# Defense(less)?



## bandman (Feb 13, 2006)

http://www.prosportsdaily.com/comments/ ... 65150.html



> "The New Orleans Saints, which has three players facing four-game suspensions due to testing positive for water pills, isn't the only team feeling the heat of possibly losing multiple Pro Bowlers.
> 
> FOX Sports has learned that both of the Minnesota Vikings' Pro Bowl defensive tackles, Kevin Williams and Pat Williams, are also facing suspensions for testing positive for the same product.

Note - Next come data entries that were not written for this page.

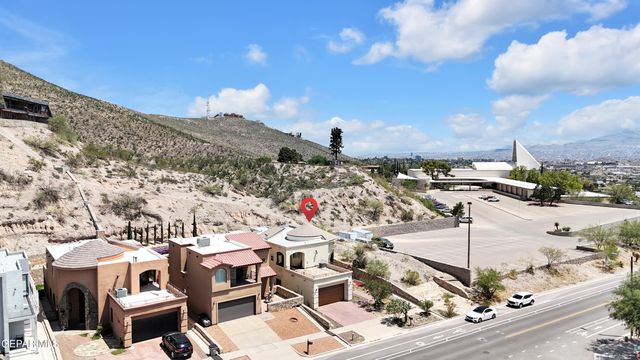 4540 N STANTON Street, El Paso, TX 79902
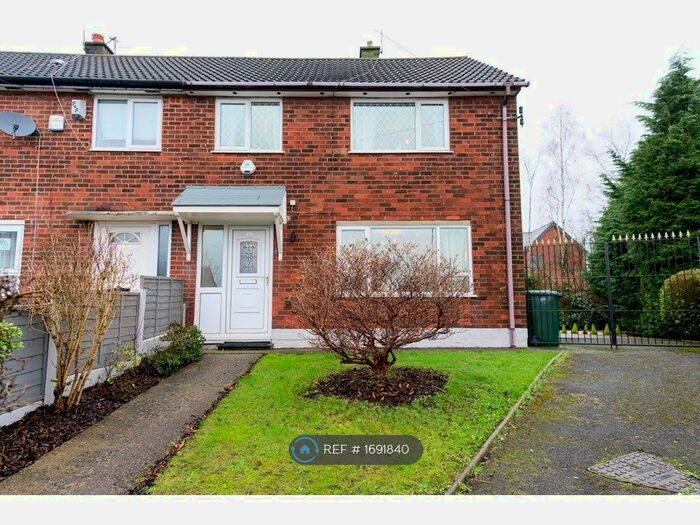 3 Bedroom End Of Terrace House To Rent In Abbey Road, Middleton, Manchester, M24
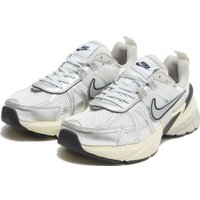 Кроссовки Nike V2K Run Summit White Metallic Silver Womens FD0736-100 (40)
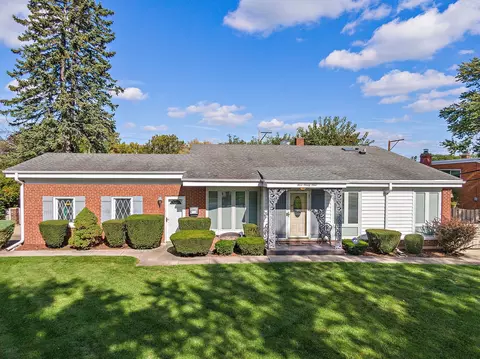 393 E Park Ave, Elmhurst, IL 60126 photo 32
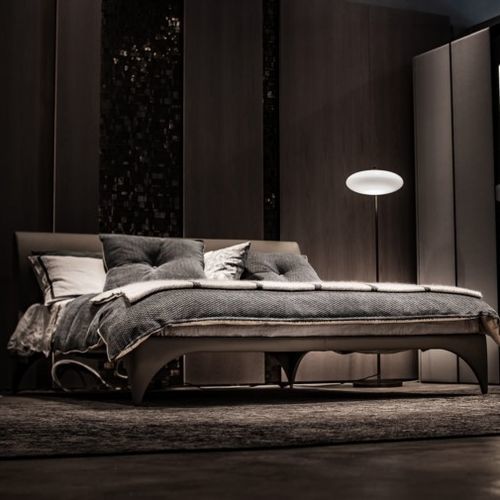 Doppelbett - MODÌ - Tisettanta - modern / Polster / mit Kopfteil aus Leder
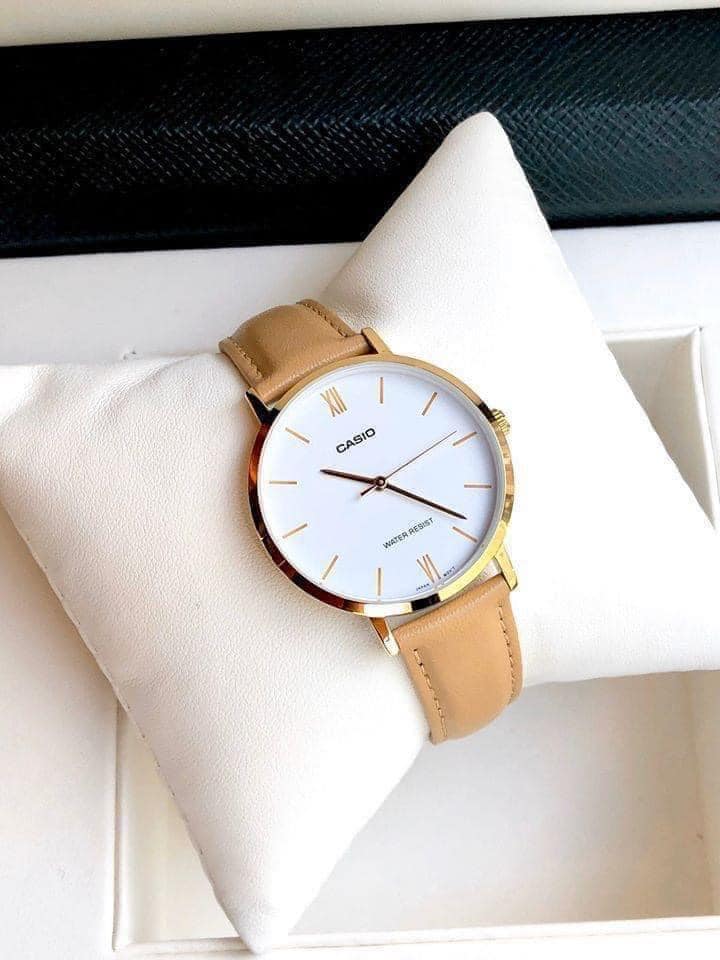 Reloj CASIO Regular LTP-VT01GL-7B Acero Mujer Dorado2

Losing one of the Williams would be a major blow to the Vikings but to possibly lose both would serve as a major blow to the NFC North contenders.
> 
> ...


http://www.prosportsdaily.com/comments/ ... 65477.html



> "On their only week off during the regular season, the Vikings might have suffered a big hit to their playoff hopes with news that they could be without two of their best players for a significant stretch.
> 
> Defensive tackles Kevin Williams and Pat Williams are facing four-game suspensions after testing positive for a banned diuretic, according to a Fox Sports report.
> 
> ...


----------



## TK33 (Aug 12, 2008)

I read online that one of the players in question had sent a sample to the NFL and they approved it. Apparently there are already lawsuits being filed against the pharmecutical that put this out because they didn't put all the ingredients in the recipe.

This only makes sense to me because Gooddell loves suspending players, and I applaude him for doing so, so you know there has to be something they are not releasing to the public.


----------